Verhandlungen für grafisches Gewerbe vorerst gescheitert

Verband Druck & Medientechnik kämpft weiterhin um zeitgemäßen Kollektivvertrag

Wien (OTS) - Der Streit um einen neuen Kollektivvertrag für das grafische Gewerbe geht in die nächste Runde. Angesichts der schlechten wirtschaftlichen Situation in der Druckereibranche appellierte der Verband Druck & Medientechnik erneut an die Gewerkschaft, gemeinsam den Kollektivvertrag zu reformieren. Doch die Gewerkschaft beharrte auf ihrer Forderung nach Erhalt der Privilegien. Mit dem Abbruch der Verhandlungen wird die Gewerkschaft die Druckereien zu Streiks aufrufen. Für die ohnedies angeschlagene Branche ein weiterer Schlag.

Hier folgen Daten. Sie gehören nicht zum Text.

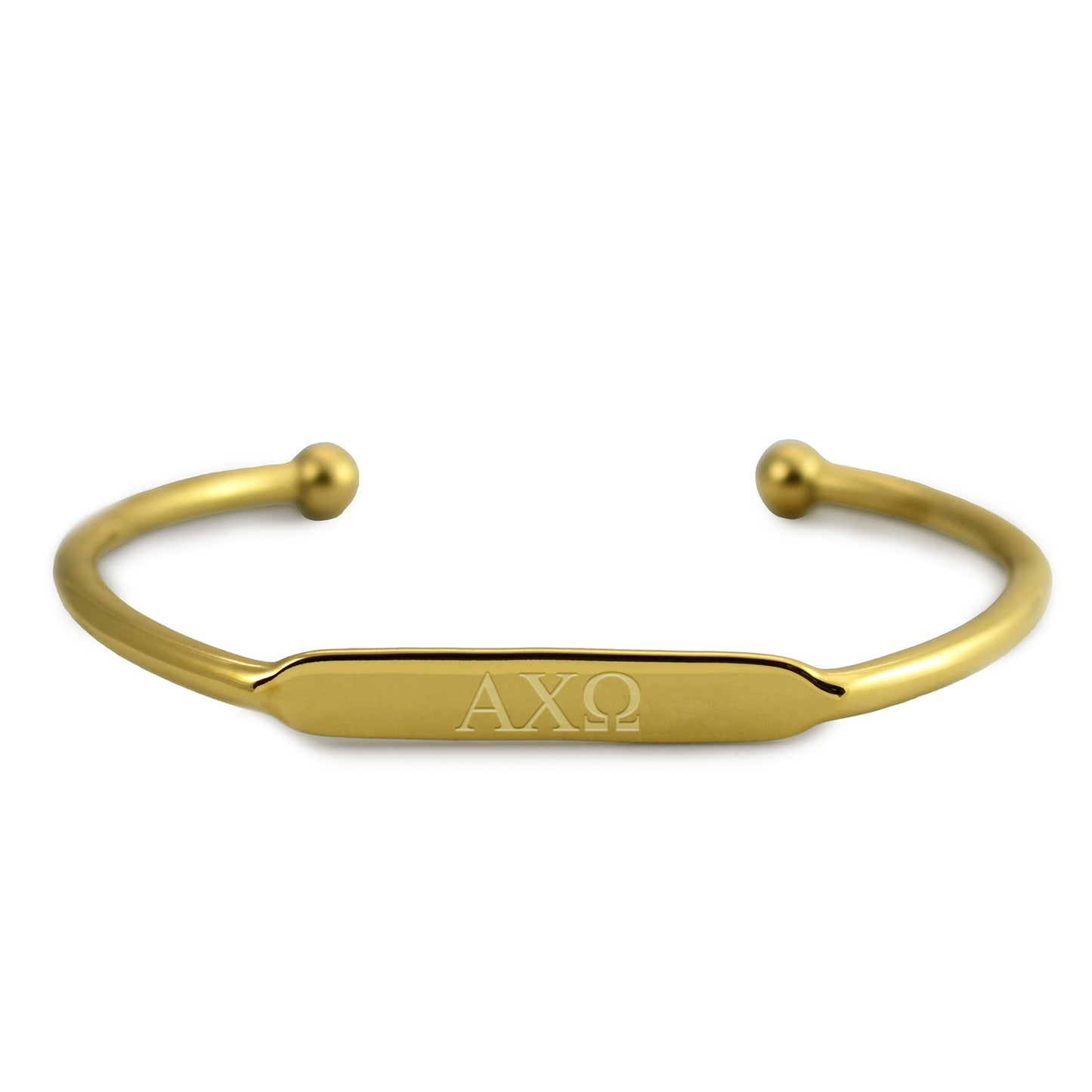 Alpha Chi Omega Bracelet- Gold-Plated Bangle with Greek Letters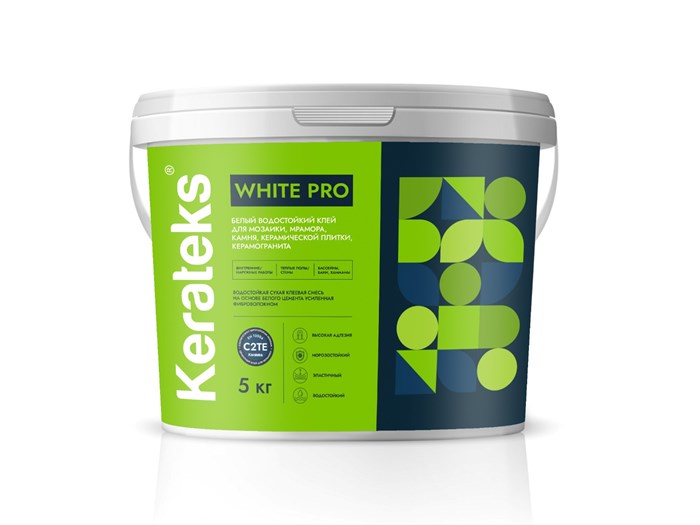 Цементный клей для керамогранита и плитки белый влагостойкий - "Kerateks White Pro" (класс С2ТЕ),5кг - фото 85494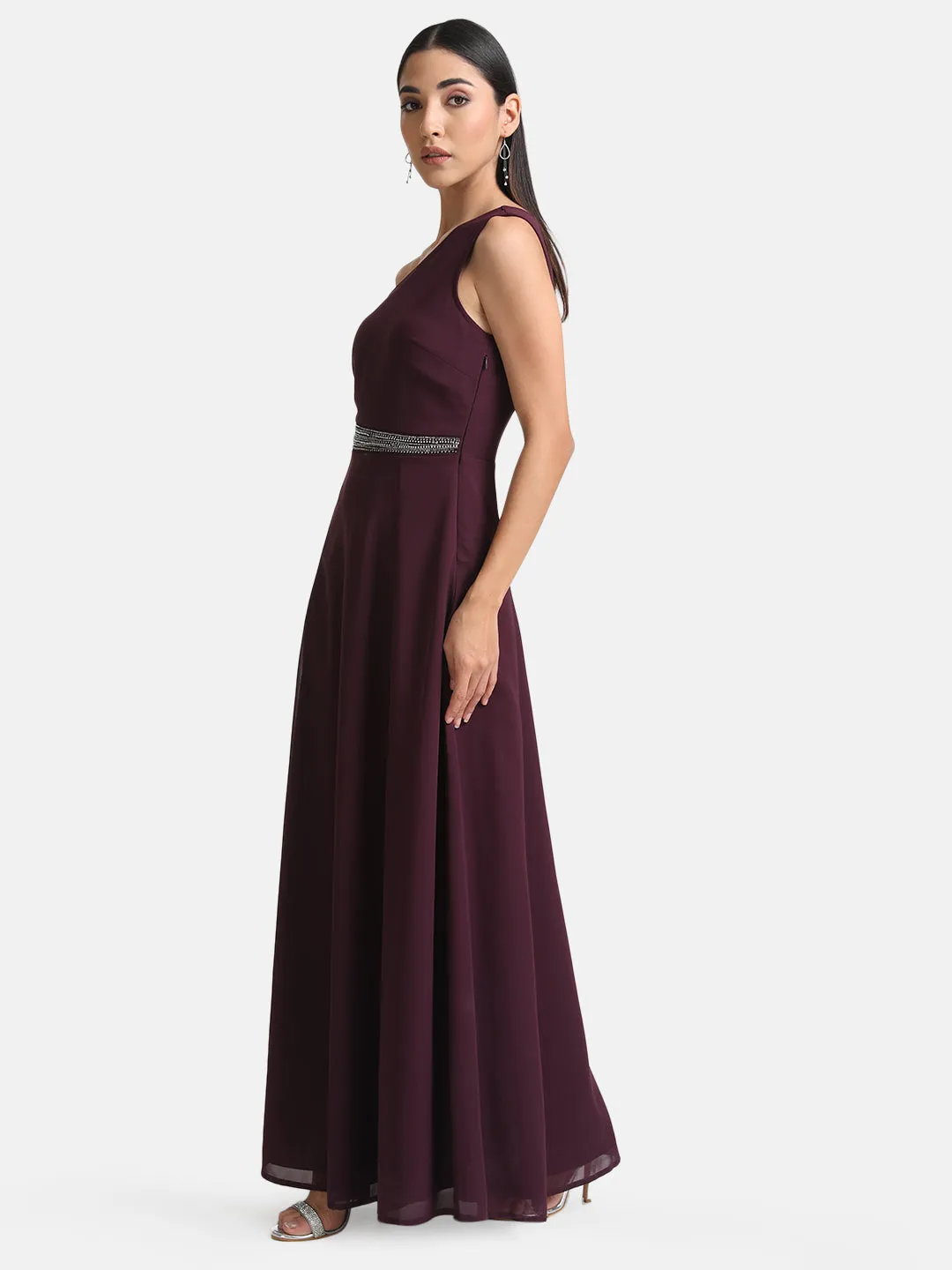 One Shoulder Embellished Maxi Dress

Seit Jahren schon schrumpft die Druckbranche. Allein im Jahr 2011 ging der Umsatz der Druckereien in Österreich um drei Prozent zurück. Gründe dafür sind unter anderem die überzogenen Lohn- und Lohnnebenkosten. Für den Verband Druck & Medientechnik ein klarer Auftrag: einerseits Bewusstsein diese Situation schaffen, andererseits den Kollektivvertrag an die derzeitigen wirtschaftlichen Anforderungen anpassen. "Der derzeit gültige Kollektivvertrag ist nach wie vor ein Sammelsurium an Zuschlägen und Privilegien, die für den einzelnen fast unüberschaubar sind und zudem heute vielfach keine Berechtigung mehr haben", sagt der Präsident des Verbandes Druck & Medientechnik, Ing. Rudolf A. Cuturi: "Unser Angebot an die Gewerkschaft war, den Kollektivvertrag zu vereinfachen und entgeltrechtlich an die heutigen Wettbewerbsbedingungen anzupassen. Leider waren die diesbezüglichen Gespräche mit der Gewerkschaft in den letzten zwei Jahren nicht produktiv. Alle unseren konkreten Vorschläge für Veränderungen wurden abgelehnt."

Verband kämpft für die Erhaltung der Druckbranche in Österreich

Der Verband Druck & Medientechnik hat deshalb heute einen neuen Vorschlag gemacht, um die Arbeitsplätze in der österreichischen Druckbranche zu erhalten. Vorgeschlagen wurde hauptsächlich, die Arbeitszeit in der grafischen Branche von derzeit 37 auf 40 Wochenstunden zu erhöhen, um so die Wettbewerbsfähigkeit wiederherzustellen. Für die Arbeitnehmerinnen und Arbeitnehmer der Branche wäre eine solche Veränderung am ehesten tragbar, da sie die Grundlöhne nicht verändert würden und diese Maßnahme für alle die gleichen Auswirkungen hätte.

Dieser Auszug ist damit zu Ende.